After vascular injury, platelets adhere to von Willebrand factor (VWF), a multimeric blood protein that can exceed 20,000 kDa in mass. VWF mediates platelet adhesion to exposed connective tissue, endothelial cells, and other adherent platelets (1, 2). To prevent thrombosis, platelet adhesion is regulated by a unique feedback mechanism involving tension-induced proteolysis. Flowing blood exerts a force on the growing platelet-rich thrombus that stretches VWF and exposes a cleavage site for plasma ADAMTS13, a member of a disintegrin and metalloprotease with thrombospondin type I repeat family (3–5). The metalloprotease domain (M domain) of ADAMTS13 cleaves the Tyr¹⁶⁰⁵–Met¹⁶⁰⁶ bond in the A2 domain of VWF (Pro¹⁴⁸⁰–Gly¹⁶⁷², numbered from the initiation codon) (6–8), severing the VWF multimer and releasing adherent platelets. ADAMTS13 deficiency causes thrombotic thrombocytopenic purpura, a life-threatening disease characterized by disseminated microvascular thrombosis (4, 9, 10). Conversely, mutations in the VWF A2 domain that lead to excessive proteolysis cause von Willebrand disease type 2A, an inherited bleeding disorder (1).
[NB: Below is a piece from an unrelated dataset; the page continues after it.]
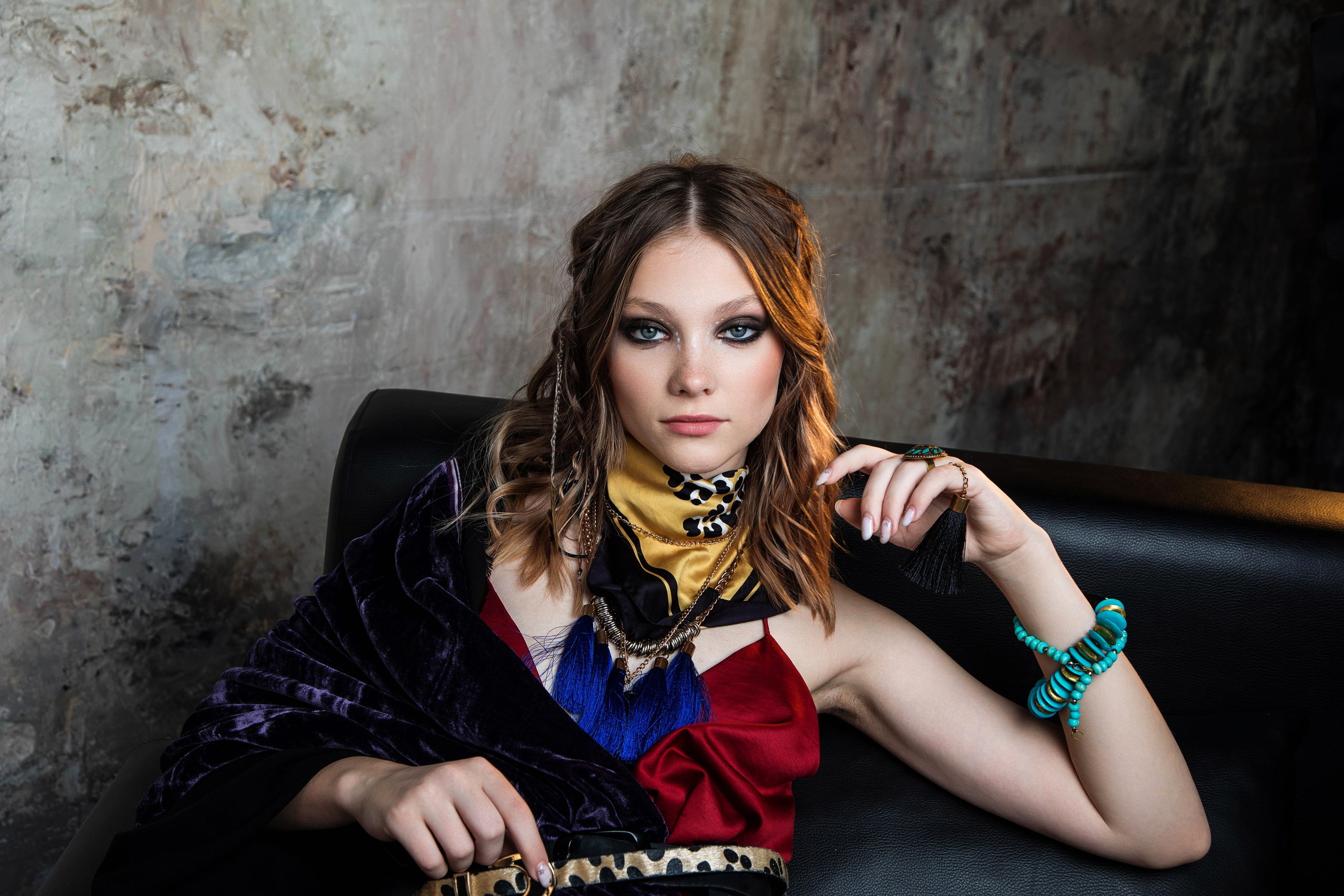 НАСТЯ. Фотограф Ольга Косенко в Москве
Achieving balanced regulation of platelet adhesion is a formidable challenge under the conditions prevailing in blood. VWF and ADAMTS13 occur at low concentrations of ≈10 μg/ml and ≈1 μg/ml, respectively, compared with the total plasma protein concentration of ≈80,000 μg/ml. Nevertheless, VWF is the only known substrate of ADAMTS13 in plasma, even though ADAMTS13 is constitutively active (11). Furthermore, VWF is resistant to ADAMTS13 until it is subjected to high fluid shear stress (7), adsorbed onto a surface (12), or treated with chaotropic agents such as urea (8) or guanidine hydrochloride (7).
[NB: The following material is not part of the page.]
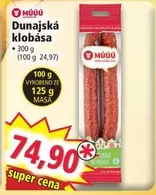 Super - Dunajská klobása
Several mechanisms contribute to the remarkable specificity of ADAMTS13. First, the activation of cleavage by tensile stress indicates that the scissile bond is inaccessible in native VWF. The modeled structure of the VWF A2 domain supports this conclusion, suggesting that the cleavage site is buried in a central β-sheet (13) and exposed on unfolding. Furthermore, von Willebrand disease mutations in the A2 domain that cause increased proteolysis are predicted to destabilize the folded structure (13). Second, binding of platelet glycoprotein Ibα (GPIbα) or heparin to the VWF A1 domain allosterically promotes cleavage of the adjacent A2 domain by ADAMTS13 (14, 15). Finally, VWF cleavage is markedly impaired by deletion of the ADAMTS13 spacer domain (16, 17) or by deletion of residues E¹⁶⁶⁰APDLVLQR¹⁶⁶⁸ from the VWF A2 domain (18), suggesting that contacts between “exosites” on the enzyme and substrate, located some distance from the active site and scissile bond, facilitate substrate recognition. To date, these exosite interactions have not been characterized.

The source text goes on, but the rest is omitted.